PISCA VINTAGE 2007
The Pisca vineyard has for many years formed part of the Niepoort Vintage Lote; in 2007 one very small parcel of Pisca was set aside and contrary to the current practice of ageing in large wooden vats it was aged in pipes,thus replicating the legendary Niepoort 1970 Vintage which was all aged in pipes. Furthermore, the handling of the wine prior to bottling in a less reductive way attempts to return to the days when Vintage ports were shipped in pipe to northern Europe and then bottled at the end of the second year or even in the third year following the harvest, in contrast to the current practice of bottling after a year and a half. Once again, at Niepoort, we believe that in a world of uniformity we have managed to produce a Vintage port with a difference with a return to some of the small technical details from a bygone era…
VINIFICATION
After several dry winters, the 2006/2007 winter was most useful in replenishing dwindling water reserves. In 2007 the first parcels of Pisca were picked on 20th September and fermented at Niepoort’s historic winery in Vale de Mendiz. All vinification was carried out in lagares with 100% stems. Fermenting musts exhibited very dark colours with spectacular purple hues and wonderful acid balance.
TASTING NOTES
Dense in colour with a wonderfully fresh green aroma with a hint of dark chocolate dominating along with subtle aromas of dark fruits.

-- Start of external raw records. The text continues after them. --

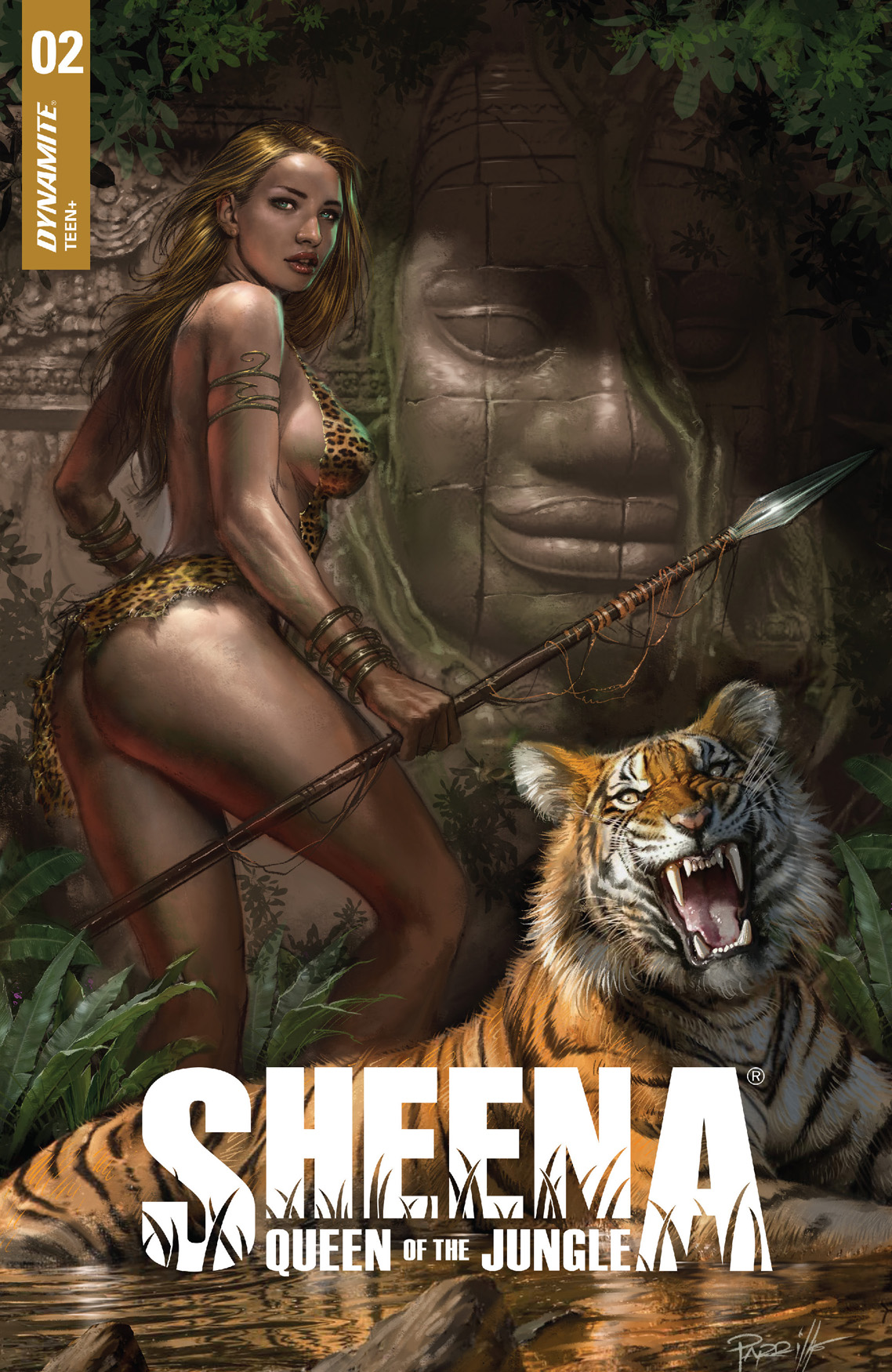 Sheena: Queen of the Jungle, Vol. 2#2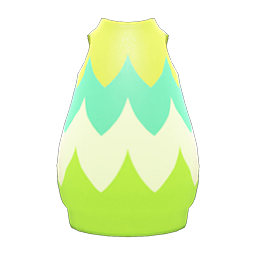 Leaf-Egg Outfit Animal Crossing New Horizons | ACNH Items - Nookmall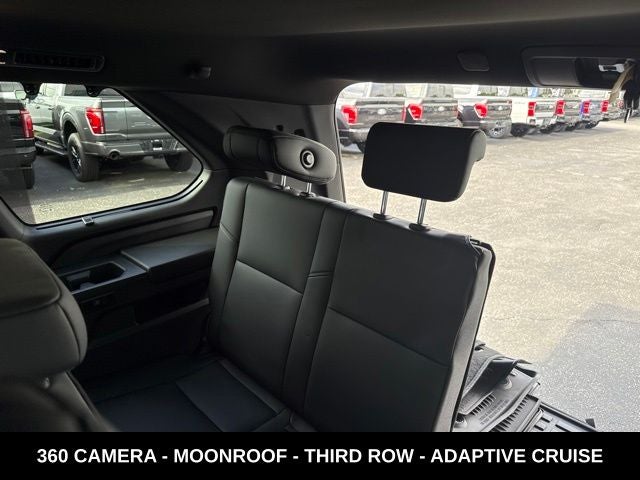 2025 Toyota Sequoia Limited PANORAMIC ROOF
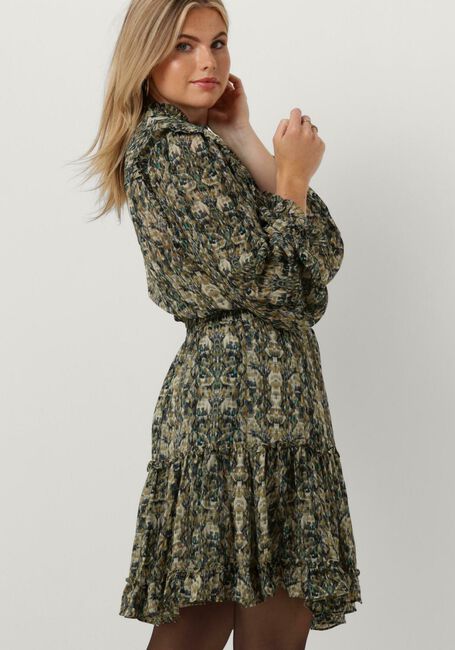 Lichtblauwe CIRCLE OF TRUST Mini jurk SAMMY DRESS - large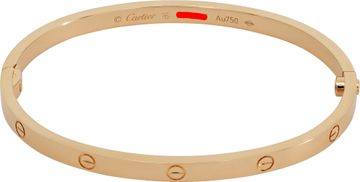 Cartier Love bracelet Small Model  18k rose gold size 16 Bracelet Collection
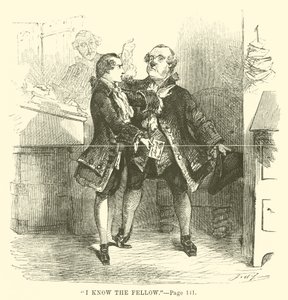 Illustration till A Tale of Two Cities av Charles Dickens av John McLenan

On the palate, medium sweet,wonderful fruit, with a seductive silky mid palate which is underpinned with a compact, lengthy tannin structure.
TECHNICAL INFORMATION
PRODUCER
Niepoort (Vinhos) S.A.
REGION
Douro
SOIL TYPE
Schist
VINEYARDS
Pisca
AVERAGE VINE AGE
80 and over 100 years
GRAPE VARIETIES
Touriga Franca, Tinta Roriz, Tinto Cão, Tinta Francisca, Tinta Amarela, Sousão and others, including Touriga Nacional
VINES PER HA
4000-6000
HARVEST PERIOD
September/October
HARVEST METHOD
Hand picked
FERMENTATION
Lagares/Foot Treading
AGEING
Pipes
RESIDUAL SUGAR
103.4
ALCOHOL
20
BAUMÉ
3.4
TOTAL ACIDITY
4.88
FREE SO2 AT BOTTLING
64
FOOD SUGGESTIONS
Perfect with “Queijo da Serra” a Stilton or other blue cheeses. Egg based desserts with “pão de ló” (Portuguese sponge based cake).